All in all, this sounds like it has been great learning experience for you - the best way to learn.

I always convert to Grams...and I always do a superfat of 3%. So...saying that....is it TRUE I can just keep slowly adding oil, a teaspoon at a time FOREVER until is not zappy anymore? The term FOREVER simply means, as many half hour increments as needed...be it a couple of hours...be it all day...be it a few days....Ya, I guess I am asking if I follow thru, would it of come to neutral FOR SURE without using the Borax...ya, I will totally do everything to avoid being high on the Zappy ever again, saying that....I just want to know a back up before I get to it. I NEVER want to NEED to add Borax ever again. I want to avoid adding that and anything. Thank you So Much!!!
 
I can't see the pic, but your description is great, so I don't really need to see the pic. I have a few questions so that I know exactly what is going on before we go any further. I would rather ask than assume anything.

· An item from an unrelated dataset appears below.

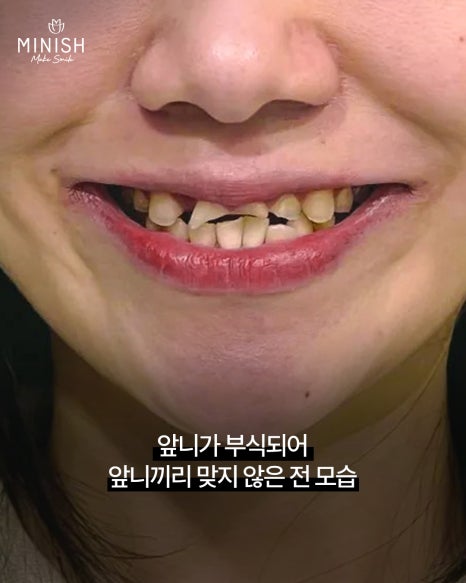 If Your Teeth Have Worn Down and Even Changed Your Face, Can They Be Restored? A Case Repaired with Minishe image 3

I know that you posted a recipe in post #223, and asked about frac. CO later. Is that the recipe you used, and did you make any other additions/changes? What method did you use, and any other additions?

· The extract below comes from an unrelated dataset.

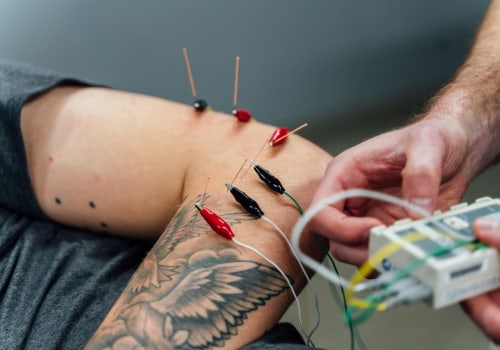Unraveling the Mystery of Acupuncture: How Does It Work?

Your soap should not be zappy if you used that recipe, and your scale is good(you check it, so I know it is correct). So, we have to start looking at the beginning and go from there.

hey Good Point Susie!!!Do you think its possible my Scale could of been going bad?? The reason I now ask is you got me thinking...about the Scale. The reason I bring this up is if my memory serves me right, I remember that I had one of those small Glycerin bottles, I bought from Walmart. Well, it stated it was 6 Ounces on the side of the Bottle. But when I would POUR all the glycerin into my pan, I noticed it saying on the Scale that I had 7.50 Ounces, instead of 6 ounces printed on the label. And what is weird, I did NOT notice any other measurements being off...just the Glycerin, so I did not THINK I had any problems. WELL, now I am reconsidering this....hhhmmmm, cause if my Scale is off, that would mean if its measuring an extra 1 1/2 Ounces of Glycerin, I COULD off ended up adding an extra 1 1/2 Ounces of Extra KOH!! OH NO.....hhmmm. My Husband said that HE THINKS that when a battery will start to go out, it can do weird things to a scale, like make the scale to start weigh false amounts. Shucks....just to be sure, I don't think I will do even one more batch of ANYTHING before I go replace the battery's with some fresh NEW ones...just to be sure!!
 
When I run your recipe through the Summerbee Meadow Calc with a 0% superfat, I get 3.47 KOH and you used 3.55. This is the only calc I use and from that perspective it looks like your formulated with a lye excess of about 3%.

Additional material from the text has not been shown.